| Task brief |
Each entry below is to be written out exactly, and the pictures are to be left out.

| Data extracts |

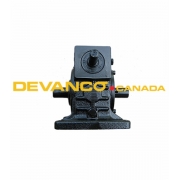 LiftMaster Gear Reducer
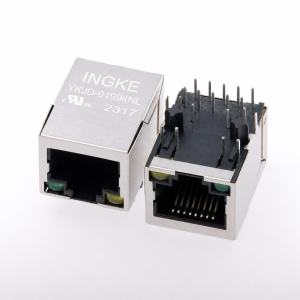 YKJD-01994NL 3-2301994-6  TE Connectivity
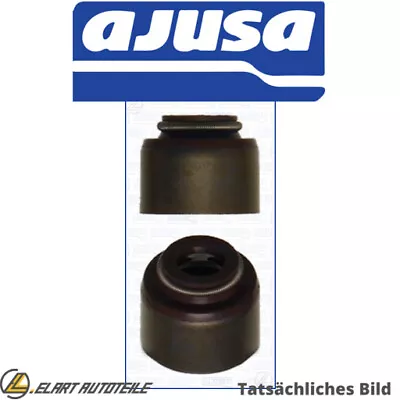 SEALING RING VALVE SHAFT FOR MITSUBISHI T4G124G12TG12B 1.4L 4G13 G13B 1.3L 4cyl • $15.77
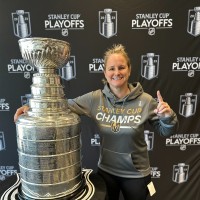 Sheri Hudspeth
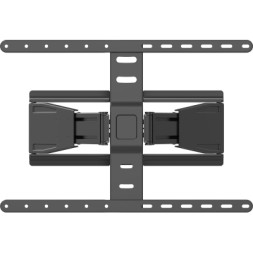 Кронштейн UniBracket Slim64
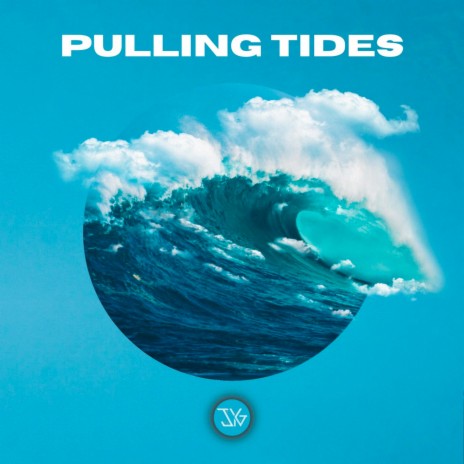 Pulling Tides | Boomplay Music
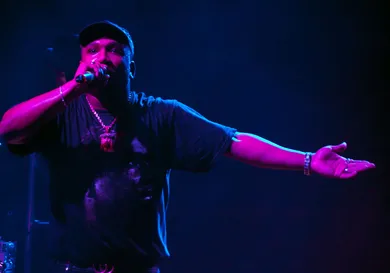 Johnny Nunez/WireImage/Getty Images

| Written solution |
 LiftMaster Gear Reducer
 YKJD-01994NL 3-2301994-6  TE Connectivity
 SEALING RING VALVE SHAFT FOR MITSUBISHI T4G124G12TG12B 1.4L 4G13 G13B 1.3L 4cyl • $15.77
 Sheri Hudspeth
 Кронштейн UniBracket Slim64
 Pulling Tides | Boomplay Music
 Johnny Nunez/WireImage/Getty Images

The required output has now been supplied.